Familiarity breeds contempt, or so the saying goes. And that goes double when you’re planning a holiday. I always thought of Cardiff as the place I grew up as an infant and a handy base to explore countryside and coast, but not as a destination in its own right.
But over the years, during periodic returns to see family, I’ve been reminded of just how much the Welsh capital has to offer.And with a series of new events and exhibitions lined up, it’s the perfect time to plan a trip to discover this for yourself.
For starters, the UK’s leading biennial exhibition and international contemporary art prize Artes Mundi is returning to National Museum Cardiff this month (as well as four other sites across Wales).
With seven artists shortlisted, the winner is due to be announced during the four-month run. There’s also a series of events and activities alongside the exhibition itself.
National Museum Cardiff (Photo: Crown copyright 2019 Cymru Wales)
Elsewhere, a free display celebrates Cardiff’s old docklands at the Pierhead building on Cardiff Bay — the Tiger Bay and the Docks exhibition is running to March 2025. The historic building itself is a lovely place to get a taste of the city’s past too.

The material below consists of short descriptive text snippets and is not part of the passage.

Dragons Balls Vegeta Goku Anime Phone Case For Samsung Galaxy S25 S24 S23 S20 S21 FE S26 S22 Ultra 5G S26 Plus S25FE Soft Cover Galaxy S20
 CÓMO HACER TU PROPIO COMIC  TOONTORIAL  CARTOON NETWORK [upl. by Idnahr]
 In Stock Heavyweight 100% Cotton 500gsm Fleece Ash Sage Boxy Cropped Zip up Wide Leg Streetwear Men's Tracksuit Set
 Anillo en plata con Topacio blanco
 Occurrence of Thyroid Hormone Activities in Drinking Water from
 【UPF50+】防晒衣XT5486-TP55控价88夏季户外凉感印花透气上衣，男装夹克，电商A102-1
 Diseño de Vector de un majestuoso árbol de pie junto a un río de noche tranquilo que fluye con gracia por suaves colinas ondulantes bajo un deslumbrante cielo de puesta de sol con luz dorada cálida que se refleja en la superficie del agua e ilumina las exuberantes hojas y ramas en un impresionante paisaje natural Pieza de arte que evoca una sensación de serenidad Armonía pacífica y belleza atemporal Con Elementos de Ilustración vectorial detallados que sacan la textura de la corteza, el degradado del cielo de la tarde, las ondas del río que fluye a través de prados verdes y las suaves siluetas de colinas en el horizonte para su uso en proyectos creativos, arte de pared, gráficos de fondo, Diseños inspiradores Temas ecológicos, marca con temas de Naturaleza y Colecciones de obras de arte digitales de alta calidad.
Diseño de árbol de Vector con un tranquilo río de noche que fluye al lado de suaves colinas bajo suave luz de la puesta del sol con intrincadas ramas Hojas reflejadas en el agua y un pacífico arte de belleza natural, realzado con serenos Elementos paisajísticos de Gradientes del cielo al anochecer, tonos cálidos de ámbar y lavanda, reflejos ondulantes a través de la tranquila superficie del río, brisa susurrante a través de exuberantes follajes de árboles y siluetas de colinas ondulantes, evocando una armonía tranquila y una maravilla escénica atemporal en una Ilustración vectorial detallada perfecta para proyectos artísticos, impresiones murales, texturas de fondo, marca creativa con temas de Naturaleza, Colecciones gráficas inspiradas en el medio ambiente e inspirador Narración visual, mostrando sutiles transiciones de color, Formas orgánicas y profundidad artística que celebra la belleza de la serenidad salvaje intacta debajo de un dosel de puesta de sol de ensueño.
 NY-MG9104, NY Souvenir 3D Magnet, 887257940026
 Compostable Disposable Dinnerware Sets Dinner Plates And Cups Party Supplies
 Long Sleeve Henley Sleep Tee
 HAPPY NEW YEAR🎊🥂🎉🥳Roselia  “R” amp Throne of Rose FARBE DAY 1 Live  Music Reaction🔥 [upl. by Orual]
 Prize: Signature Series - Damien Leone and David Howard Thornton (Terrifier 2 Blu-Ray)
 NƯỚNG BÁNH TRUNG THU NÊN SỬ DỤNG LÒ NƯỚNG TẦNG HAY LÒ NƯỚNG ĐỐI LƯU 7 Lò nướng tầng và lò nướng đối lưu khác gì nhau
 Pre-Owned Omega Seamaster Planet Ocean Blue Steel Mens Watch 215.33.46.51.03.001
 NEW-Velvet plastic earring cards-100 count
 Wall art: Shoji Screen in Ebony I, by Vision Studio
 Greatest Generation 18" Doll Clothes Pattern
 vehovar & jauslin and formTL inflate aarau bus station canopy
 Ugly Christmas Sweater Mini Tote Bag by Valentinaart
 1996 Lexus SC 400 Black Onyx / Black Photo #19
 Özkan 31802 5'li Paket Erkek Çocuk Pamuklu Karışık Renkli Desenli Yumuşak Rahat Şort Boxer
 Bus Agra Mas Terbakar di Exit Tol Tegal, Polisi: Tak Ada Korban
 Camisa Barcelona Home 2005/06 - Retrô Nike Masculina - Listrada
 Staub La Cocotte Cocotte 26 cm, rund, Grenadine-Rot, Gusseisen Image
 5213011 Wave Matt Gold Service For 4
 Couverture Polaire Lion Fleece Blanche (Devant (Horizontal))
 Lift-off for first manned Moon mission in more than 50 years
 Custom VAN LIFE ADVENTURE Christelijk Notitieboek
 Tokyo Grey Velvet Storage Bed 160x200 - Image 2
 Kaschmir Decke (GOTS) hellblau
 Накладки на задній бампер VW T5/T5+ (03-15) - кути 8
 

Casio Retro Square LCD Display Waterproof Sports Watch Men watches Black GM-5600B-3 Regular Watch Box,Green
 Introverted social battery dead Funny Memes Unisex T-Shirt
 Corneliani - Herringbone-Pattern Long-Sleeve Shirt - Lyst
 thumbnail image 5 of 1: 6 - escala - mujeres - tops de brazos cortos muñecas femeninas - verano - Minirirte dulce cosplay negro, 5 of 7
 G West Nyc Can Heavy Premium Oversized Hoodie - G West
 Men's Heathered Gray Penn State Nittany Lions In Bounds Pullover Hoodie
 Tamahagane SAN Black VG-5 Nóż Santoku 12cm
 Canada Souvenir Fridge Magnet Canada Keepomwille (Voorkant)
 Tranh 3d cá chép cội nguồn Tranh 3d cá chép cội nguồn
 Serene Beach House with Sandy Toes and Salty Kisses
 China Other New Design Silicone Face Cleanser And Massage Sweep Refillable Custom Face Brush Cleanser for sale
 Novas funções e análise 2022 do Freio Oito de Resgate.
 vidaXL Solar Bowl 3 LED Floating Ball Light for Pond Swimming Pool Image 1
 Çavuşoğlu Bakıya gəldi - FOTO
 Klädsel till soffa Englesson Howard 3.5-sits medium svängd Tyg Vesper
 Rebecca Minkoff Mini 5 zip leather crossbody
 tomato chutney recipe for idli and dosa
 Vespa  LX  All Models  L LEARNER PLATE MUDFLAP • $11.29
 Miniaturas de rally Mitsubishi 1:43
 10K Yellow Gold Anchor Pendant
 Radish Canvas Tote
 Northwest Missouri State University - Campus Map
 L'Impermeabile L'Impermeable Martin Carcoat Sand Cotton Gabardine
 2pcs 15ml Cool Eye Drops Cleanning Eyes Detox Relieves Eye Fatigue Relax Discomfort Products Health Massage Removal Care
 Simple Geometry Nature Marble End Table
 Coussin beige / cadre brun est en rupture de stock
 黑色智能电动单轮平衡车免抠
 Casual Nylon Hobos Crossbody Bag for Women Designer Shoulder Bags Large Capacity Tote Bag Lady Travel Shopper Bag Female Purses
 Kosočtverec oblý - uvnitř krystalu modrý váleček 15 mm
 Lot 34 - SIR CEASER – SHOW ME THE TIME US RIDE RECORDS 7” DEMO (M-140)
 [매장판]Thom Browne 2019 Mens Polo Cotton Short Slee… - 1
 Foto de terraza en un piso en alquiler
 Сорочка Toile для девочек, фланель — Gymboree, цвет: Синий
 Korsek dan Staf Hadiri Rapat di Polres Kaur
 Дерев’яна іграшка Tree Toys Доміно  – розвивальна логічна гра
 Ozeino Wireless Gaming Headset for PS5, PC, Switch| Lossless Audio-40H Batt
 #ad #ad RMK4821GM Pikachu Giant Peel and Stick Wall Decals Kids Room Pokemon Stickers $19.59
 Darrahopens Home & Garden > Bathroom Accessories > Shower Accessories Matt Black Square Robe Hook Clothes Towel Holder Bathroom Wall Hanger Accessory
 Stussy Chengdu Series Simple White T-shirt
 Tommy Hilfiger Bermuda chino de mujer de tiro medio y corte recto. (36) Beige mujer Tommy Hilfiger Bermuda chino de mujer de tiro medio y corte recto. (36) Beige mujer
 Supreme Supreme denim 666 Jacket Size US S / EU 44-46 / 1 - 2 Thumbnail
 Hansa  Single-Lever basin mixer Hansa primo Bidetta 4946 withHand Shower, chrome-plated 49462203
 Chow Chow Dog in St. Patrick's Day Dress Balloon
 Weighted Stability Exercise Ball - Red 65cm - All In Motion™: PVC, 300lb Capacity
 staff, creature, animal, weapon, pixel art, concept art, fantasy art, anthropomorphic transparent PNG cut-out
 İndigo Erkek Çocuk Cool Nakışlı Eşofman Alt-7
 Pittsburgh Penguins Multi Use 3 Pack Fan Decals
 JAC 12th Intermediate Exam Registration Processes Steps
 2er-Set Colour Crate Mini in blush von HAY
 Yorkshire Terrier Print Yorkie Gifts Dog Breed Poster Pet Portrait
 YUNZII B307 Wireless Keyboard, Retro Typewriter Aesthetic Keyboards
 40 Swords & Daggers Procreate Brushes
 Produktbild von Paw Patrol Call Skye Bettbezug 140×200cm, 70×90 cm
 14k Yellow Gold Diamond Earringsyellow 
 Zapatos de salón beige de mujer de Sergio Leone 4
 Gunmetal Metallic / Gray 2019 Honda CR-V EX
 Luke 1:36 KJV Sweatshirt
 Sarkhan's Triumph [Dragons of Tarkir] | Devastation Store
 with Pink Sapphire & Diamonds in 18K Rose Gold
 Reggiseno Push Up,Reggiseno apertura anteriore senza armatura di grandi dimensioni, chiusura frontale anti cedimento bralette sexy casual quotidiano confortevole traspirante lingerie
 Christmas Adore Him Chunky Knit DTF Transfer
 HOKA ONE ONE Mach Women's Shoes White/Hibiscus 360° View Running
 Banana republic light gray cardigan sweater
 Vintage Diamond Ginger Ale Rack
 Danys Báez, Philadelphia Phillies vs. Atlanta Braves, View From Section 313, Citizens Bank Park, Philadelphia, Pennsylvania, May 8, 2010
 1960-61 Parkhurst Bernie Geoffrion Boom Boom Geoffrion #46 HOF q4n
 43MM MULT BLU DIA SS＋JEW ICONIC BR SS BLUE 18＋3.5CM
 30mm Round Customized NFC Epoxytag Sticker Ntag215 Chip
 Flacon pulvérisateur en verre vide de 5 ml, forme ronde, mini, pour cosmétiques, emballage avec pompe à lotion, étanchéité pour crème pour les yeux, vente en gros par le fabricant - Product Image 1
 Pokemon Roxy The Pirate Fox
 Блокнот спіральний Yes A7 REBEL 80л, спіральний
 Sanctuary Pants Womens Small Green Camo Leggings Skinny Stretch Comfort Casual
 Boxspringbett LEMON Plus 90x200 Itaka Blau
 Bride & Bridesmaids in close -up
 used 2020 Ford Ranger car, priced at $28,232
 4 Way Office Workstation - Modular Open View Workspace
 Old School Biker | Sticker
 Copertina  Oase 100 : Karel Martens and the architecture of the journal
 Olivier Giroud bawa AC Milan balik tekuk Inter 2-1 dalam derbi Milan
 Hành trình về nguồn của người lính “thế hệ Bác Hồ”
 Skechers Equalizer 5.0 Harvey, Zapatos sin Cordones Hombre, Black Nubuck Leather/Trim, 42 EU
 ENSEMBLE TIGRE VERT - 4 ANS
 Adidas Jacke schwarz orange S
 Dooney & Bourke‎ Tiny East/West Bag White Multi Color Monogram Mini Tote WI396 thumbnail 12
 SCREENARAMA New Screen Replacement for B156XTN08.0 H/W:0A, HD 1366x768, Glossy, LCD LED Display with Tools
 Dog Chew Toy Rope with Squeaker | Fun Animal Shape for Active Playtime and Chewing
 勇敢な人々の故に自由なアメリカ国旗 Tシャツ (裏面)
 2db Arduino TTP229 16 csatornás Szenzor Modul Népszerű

There’s plenty for foodies in Cardiff as well. DEPOT Cardiff, which has moved to larger premises in Curran Road, has its street-food kitchens open all year round, while for more street food, the rainbow-coloured shipping containers of Tiger Yard have taken over the site previously used for the Doctor Who Museum on Cardiff Bay.
There’s a new tour from Loving Welsh Food too — the City of Arcades Tasting Tour explores the city’s string of attractive arcades, while offering a variety of different foods (dietary requirements are catered for).
The Cardiff Food and Drink Festival also returned to Cardiff Bay in early July. This year’s event, which was free, featured 100 different stalls, plus live music alongside everything from artisanal ice cream to local produce and drinks.
Stall at Cardiff Food Festival (Crown copyright 2023 Cymru Wales)
While the city has already been named one of Europe’s greenest capitals, a project to uncover the old canal network and transform it into a new green open space is aiming to revitalise another corner of the city centre, creating a new Canal Quarter.
Due to be completed this autumn, the plans include rain gardens and natural plants to provide new relaxing spaces.
There’s also a new hotel in the city, which is the perfect base to discover Cardiff’s attractions. The Parkgate is part of the Celtic Collection, which runs Celtic Manor, the great golfing resort a half-hour drive away in the Usk Valley.
The new hotel’s majority stakeholder is the Welsh Rugby Union, which is not a surprise as you can roll out of bed and straight into the Principality Stadium, the grand palace of Welsh rugby, where Beyoncé kicked off the UK leg of her world tour earlier this year.
Combining two restored buildings — the former Post Office, which dates back to Queen’s Victoria Diamond Jubilee in 1897, and the adjoining courthouse, erected a few years later — its elegant façade of white Portland stone is a statement of civic prosperity, chiming with the nearby City Hall, National Museum of Wales and Cardiff University.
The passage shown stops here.